Hi Chris, hi all,

let me say, I can see a missing link here which would be nice to solve.

Btw. another example coming to mind would be the connection with external payment services or increasing number of references to cloud based services (where it is not sure that a.com is indeed using b.com). E.g. e-commerce sites linking to paypal or Mastercard / Visa vericode (or whatever they call it) directly out of the e-commerce site...

Some improvement in the trust chain could indeed be valuable here.

Having said that, if another WG is already working in this area - Jeff mentioned dbound - then my recommendation would be to take the work there. WEBSEC is about to be closed, we are only waiting for the final release of our last document.

Best regards, Tobias




On 14/01/15 00:44, Jeffrey Walton wrote:
Is this a security problem? I think so.
Yes. Knowing the relationship would be helpful in a security context.

I have a few ideas on how this could be improved/implemented.
Dbound is poking and prodding at related issues. And they are
finalizing their charter now. You might consider reading some of the
recent posts and commenting.

https://www.ietf.org/mailman/listinfo/dbound.

Jeff

On Mon, Jan 12, 2015 at 2:18 PM, Chris Hartmann <[email protected]> wrote:
1) Bob trusts and does personal business with a.com.

2) a.com forms a business relationship with b.com to perform a
business function on its behalf (payment processor, blog, whatever).
The landing page is b.com/a

3) Bob visits b.com/a and notices that the page claims to be
affiliated and owned by a.com

4) How can Bob, in absolute terms, trust that b.com/a is affiliated
and a delegated service by a.com? (say, prior to submitting sensitive
information)

Is this a security problem? I think so.

We’ve all had to make this decision one time or another on weak
inferences and correlations. I’d imagine Phishers don’t mind at all
that there is an inability for the common internet user (looking at
you grandma) to make the judgement call on web service affiliations.
They’ve been conditioned with the best practice of looking at the
address bar (and perhaps the DNS namespace) along with the lock icon
to indicate trustworthiness, which may actually help the attacker in
their act of misdirection. Inter-domain relationships model business
relationships and trust. If web users could be armed with a new
“sense” which proves these legitimate relationships (say
cryptographically) then perhaps they would have more reason to be
skeptical of those who cannot prove their affiliation. I’m not saying
we can take human judgement completely out of the equation, but why
not have a tool to help anchor this commonly needed and risky
correlation.

Eg:

5) https://c.com/a is a bad guy and claims the same thing as b.com/a .
Now who to trust becomes a research project. (But c.com has the https
lock icon, doesn’t that count for anything: NO)
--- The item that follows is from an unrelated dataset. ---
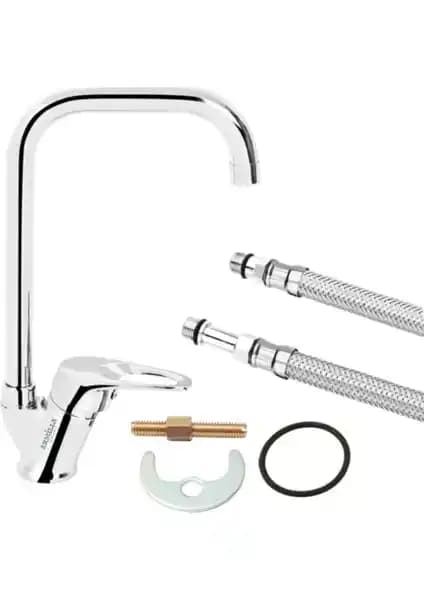 Armilla Armatür Çift Su Girişli Mutfak Musluğu Paslanmaz Çelik ve Krom Kaplama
Use case a) Tim submits a payment to a redcross.org Paypal donation
page he found via his favorite search engine. It was a scam. (We can
argue a violation of "best practices" here, but that is besides the
point)


I suppose phishing isn’t the only example. It could apply to any case
where you want to logically group the identity of one entity across
many domain boundaries owned by different parties. (eg. A popular band
has many web points of presence for fans, etc). This same mechanism
could “certify” that these web assets are under one umbrella, although
they don’t exist under one domain hierarchy.

Should we solve this? Is it solved already? Could use help gelling or
junking this idea.

I have a few ideas on how this could be improved/implemented.